Do you wish you could cut a few strokes off your golf score? Does your child always seem to be just a few steps away from the soccer ball? Having trouble returning your tennis partner’s serve? Vision, just like speed and strength, is an important component in how well you play your sport.
And there is much more to vision than just seeing clearly. Your vision is composed of many interrelated skills that can affect how well you play your sport. However, just as exercise and practice can increase your speed and strength, it can also improve your visual fitness and accuracy.
Because all sports have different visual demands, an optometrist with expertise in sports vision can assess your unique visual system and recommend the proper eyeglasses or contact lenses, or design a vision therapy program to maximize your visual skills for your specific sport. Remember, a thorough eye examination by your doctor of optometry is a great place to begin “getting the winning edge.”
Eye protection should also be a major concern to all athletes, especially in certain high-risk sports. Thousands of children and adults suffer sports-related eye injuries each year, and nearly all can be prevented by using the proper protective eyewear. Prescription goggles can be a great alternative to replacing regular eyewear after they are broken and provide much better protection from injury. Especially for sports played outdoors, appropriate sunglasses are a must, and some sport-specific designs may even help you improve your game. Ask your optometrist which type is best suited for your favorite sport.

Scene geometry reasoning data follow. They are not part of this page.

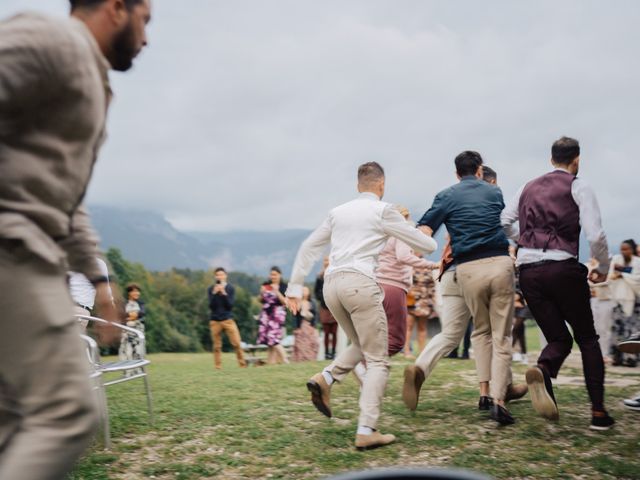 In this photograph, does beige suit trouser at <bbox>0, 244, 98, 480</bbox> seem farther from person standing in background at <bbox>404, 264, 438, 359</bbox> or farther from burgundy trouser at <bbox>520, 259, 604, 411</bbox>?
person standing in background at <bbox>404, 264, 438, 359</bbox>

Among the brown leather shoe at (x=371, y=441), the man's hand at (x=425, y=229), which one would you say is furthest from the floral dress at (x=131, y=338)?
the brown leather shoe at (x=371, y=441)

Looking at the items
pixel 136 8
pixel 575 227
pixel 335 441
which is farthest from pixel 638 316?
pixel 136 8

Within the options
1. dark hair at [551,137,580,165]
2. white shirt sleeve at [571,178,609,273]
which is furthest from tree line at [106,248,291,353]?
white shirt sleeve at [571,178,609,273]

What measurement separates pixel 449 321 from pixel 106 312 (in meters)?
4.70

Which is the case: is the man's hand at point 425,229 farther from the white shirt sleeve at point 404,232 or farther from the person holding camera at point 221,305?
the person holding camera at point 221,305

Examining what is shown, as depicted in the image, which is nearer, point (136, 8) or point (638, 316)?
point (136, 8)

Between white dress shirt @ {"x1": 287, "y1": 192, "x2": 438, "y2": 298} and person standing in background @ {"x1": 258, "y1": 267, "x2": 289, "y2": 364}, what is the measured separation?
9931 mm

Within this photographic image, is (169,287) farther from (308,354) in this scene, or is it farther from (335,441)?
(335,441)

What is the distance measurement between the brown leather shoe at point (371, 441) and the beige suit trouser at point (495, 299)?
1217 mm

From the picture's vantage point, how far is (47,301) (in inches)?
74.2

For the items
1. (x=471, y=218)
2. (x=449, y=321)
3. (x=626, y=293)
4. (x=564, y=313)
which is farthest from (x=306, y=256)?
(x=626, y=293)

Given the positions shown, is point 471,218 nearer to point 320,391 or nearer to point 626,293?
point 320,391

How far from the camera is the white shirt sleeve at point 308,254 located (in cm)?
587

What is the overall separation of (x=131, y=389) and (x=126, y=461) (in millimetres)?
4910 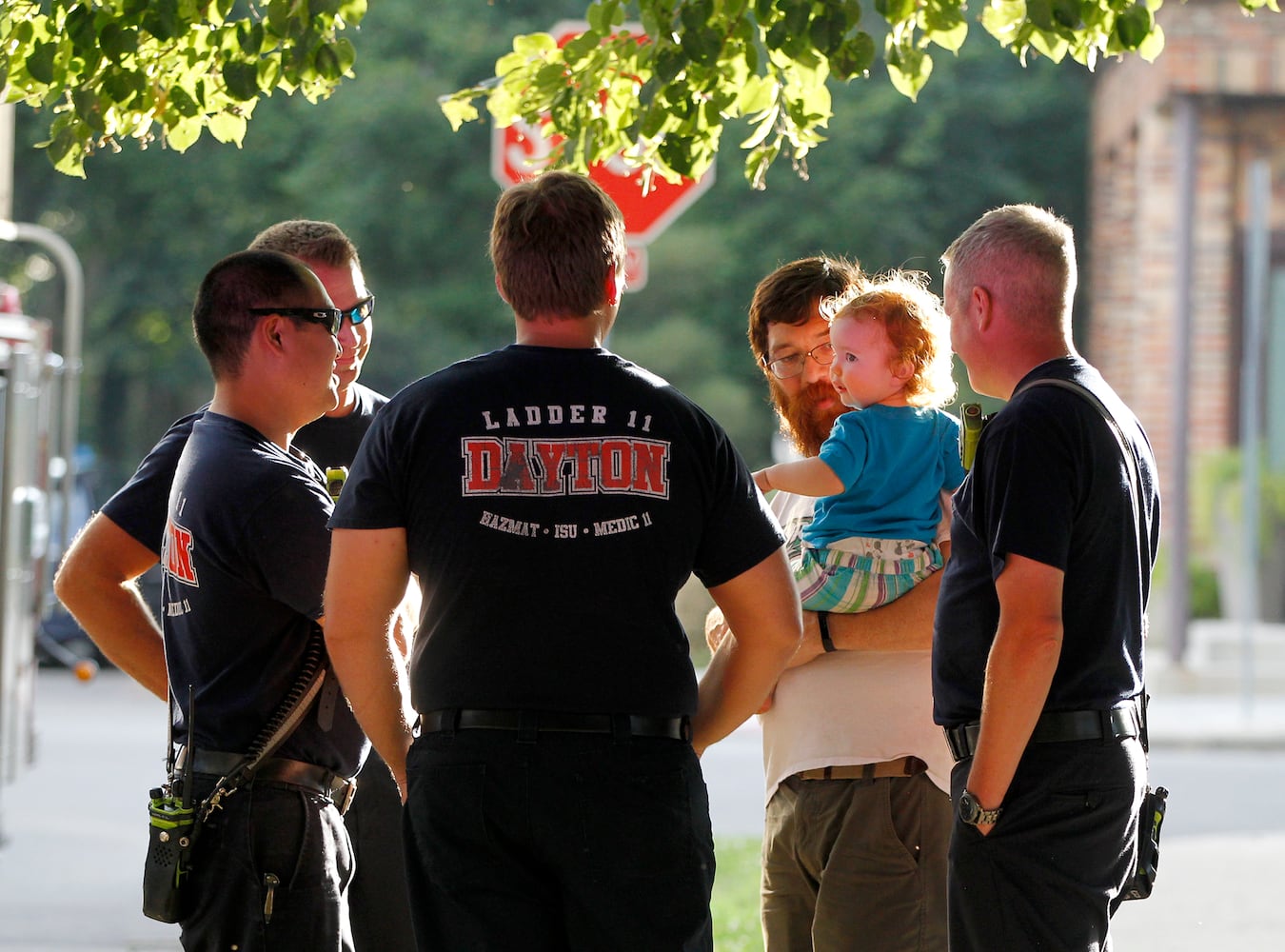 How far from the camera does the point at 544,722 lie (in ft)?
9.23

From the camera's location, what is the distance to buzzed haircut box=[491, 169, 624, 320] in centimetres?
293

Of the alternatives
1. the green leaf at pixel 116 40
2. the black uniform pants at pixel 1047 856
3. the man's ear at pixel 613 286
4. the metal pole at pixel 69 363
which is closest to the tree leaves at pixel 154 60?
the green leaf at pixel 116 40

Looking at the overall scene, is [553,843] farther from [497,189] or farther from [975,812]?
[497,189]

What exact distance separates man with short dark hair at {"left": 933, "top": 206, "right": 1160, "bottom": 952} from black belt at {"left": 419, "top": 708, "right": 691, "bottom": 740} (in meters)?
0.65

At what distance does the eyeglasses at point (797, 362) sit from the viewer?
379 cm

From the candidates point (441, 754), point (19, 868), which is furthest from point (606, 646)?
point (19, 868)

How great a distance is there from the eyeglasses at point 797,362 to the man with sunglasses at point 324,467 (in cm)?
86

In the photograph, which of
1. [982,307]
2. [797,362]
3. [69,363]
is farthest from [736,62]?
[69,363]

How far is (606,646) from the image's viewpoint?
112 inches

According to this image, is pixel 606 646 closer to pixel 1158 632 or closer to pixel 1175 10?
pixel 1158 632

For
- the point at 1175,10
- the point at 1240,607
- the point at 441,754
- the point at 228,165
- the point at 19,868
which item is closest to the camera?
the point at 441,754

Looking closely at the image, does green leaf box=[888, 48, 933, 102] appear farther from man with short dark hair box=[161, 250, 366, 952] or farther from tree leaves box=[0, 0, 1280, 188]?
man with short dark hair box=[161, 250, 366, 952]

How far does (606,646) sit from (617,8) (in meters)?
1.58

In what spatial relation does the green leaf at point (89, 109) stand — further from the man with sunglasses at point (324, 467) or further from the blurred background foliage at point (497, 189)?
the blurred background foliage at point (497, 189)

Important Vision Skills for Sports
Dynamic Visual Acuity
If you are playing a sport like racquetball, tennis, soccer or hockey, it is important that you be able to clearly see objects while you and/or the objects are moving fast. Without good dynamic visual acuity, you are going to have a difficult time in sports like these.
When you commit an error on an easy ground ball or miss a short putt, it may be that you are distracted by things that are happening around you. Our eyes normally react to anything that happens in our field of vision… spectators, other participants or even the wind blowing leaves on an overhanging branch. Visual Concentration is the ability to screen out these distractions and stay focused on the ball or the target.

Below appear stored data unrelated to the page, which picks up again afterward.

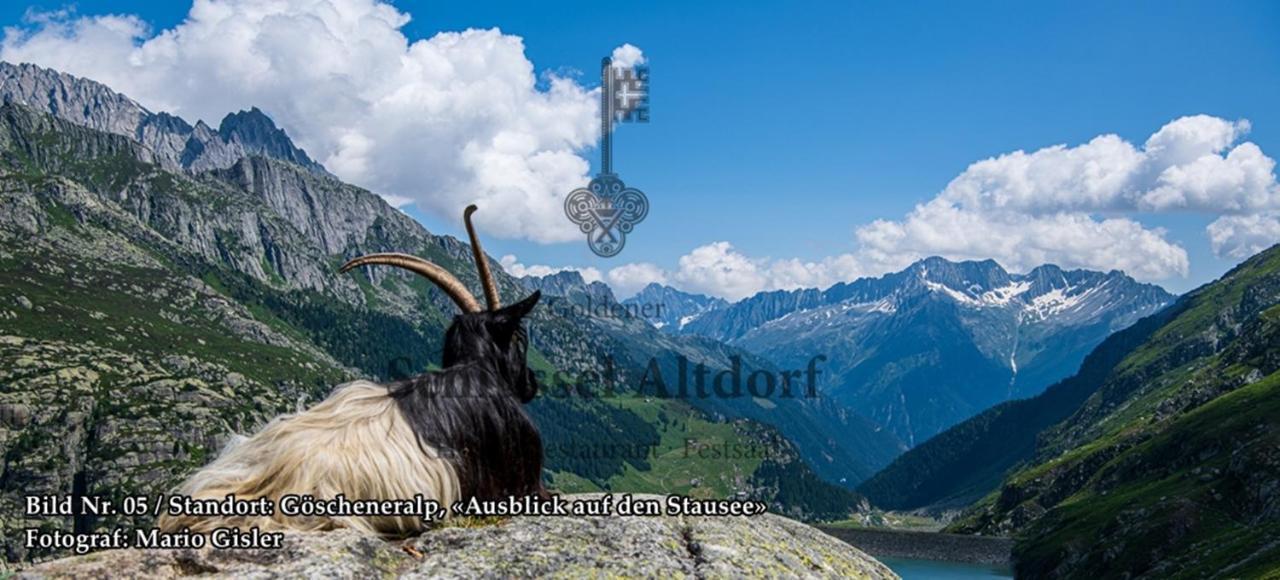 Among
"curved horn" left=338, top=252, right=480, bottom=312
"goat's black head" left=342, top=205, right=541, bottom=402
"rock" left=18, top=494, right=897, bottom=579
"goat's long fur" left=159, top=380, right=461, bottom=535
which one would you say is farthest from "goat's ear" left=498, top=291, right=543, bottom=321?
"rock" left=18, top=494, right=897, bottom=579

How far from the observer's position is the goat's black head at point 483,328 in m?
7.98

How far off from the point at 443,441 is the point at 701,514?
6.58 ft

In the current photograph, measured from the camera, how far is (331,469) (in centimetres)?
677

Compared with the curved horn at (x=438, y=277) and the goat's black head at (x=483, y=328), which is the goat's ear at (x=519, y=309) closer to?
the goat's black head at (x=483, y=328)

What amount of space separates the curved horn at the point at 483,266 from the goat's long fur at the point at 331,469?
1.26 m

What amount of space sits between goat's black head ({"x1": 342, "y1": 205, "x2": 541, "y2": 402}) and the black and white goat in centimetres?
1

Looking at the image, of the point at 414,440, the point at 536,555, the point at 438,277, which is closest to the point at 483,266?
the point at 438,277

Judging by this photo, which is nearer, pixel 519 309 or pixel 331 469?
pixel 331 469

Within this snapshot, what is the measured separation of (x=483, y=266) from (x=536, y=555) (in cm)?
287

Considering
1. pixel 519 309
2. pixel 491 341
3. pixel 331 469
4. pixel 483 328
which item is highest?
pixel 519 309

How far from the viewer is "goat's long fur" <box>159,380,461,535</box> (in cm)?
648

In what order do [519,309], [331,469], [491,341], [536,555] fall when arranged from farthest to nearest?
1. [491,341]
2. [519,309]
3. [331,469]
4. [536,555]

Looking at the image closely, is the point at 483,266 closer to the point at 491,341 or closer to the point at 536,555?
the point at 491,341

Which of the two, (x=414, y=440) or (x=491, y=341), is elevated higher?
(x=491, y=341)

When you are playing any sport with a ball or a fast moving opponent, it is important that you be able to follow objects without much head motion. Eye tracking helps you maintain better balance and react to the situation more quickly.
Eye-Hand-Body Coordination is how your hands, feet and body and other muscles respond to the information gathered through your eyes. It is an important part of most sports because it affects both timing and body control.
When you are pushing a fast break up the basketball court, leading a rush up the ice in hockey, or catching the big wave amid a crowd of surfers, you need to process and remember a fast moving, complex picture of people and things. This is called visual memory. The athlete with good visual memory always seems to be in the right place at the right time.
Picture yourself hitting a perfect drive…long and right down the middle of the fairway. Believe it or not, picturing yourself doing it can actually help you do it. Visualization is the skill that enables you to see yourself performing well in your “mind’s eye” while your eyes are seeing and concentrating on something else, usually the ball. Using scanning techniques, researchers have found that the same areas of the brain that light up during performance also do so when you visualize the performance.
When a soccer player sees a teammate out of the corner of his or her eye, the player is using his peripheral vision. Because much of what happens in sports does not happen directly in front of you, it’s important to increase your ability to see action to the side without having to turn your head.
Visual Reaction Time
The pitcher releases the ball and you swing…a little late and you hit a weak foul down the line…or worse you miss the ball completely. Or, maybe you just can’t quite return that tennis serve. You need to improve your visual reaction time, or the speed with which your brain interprets and reacts to your opponent’s action.
In racket sports, depth perception enables you to quickly and accurately judge the distance between yourself, the ball, your opponents, teammates, boundary lines and other objects. When you are shooting or hunting, if you consistently over or underestimate the distance to your target, poor depth perception may be at fault.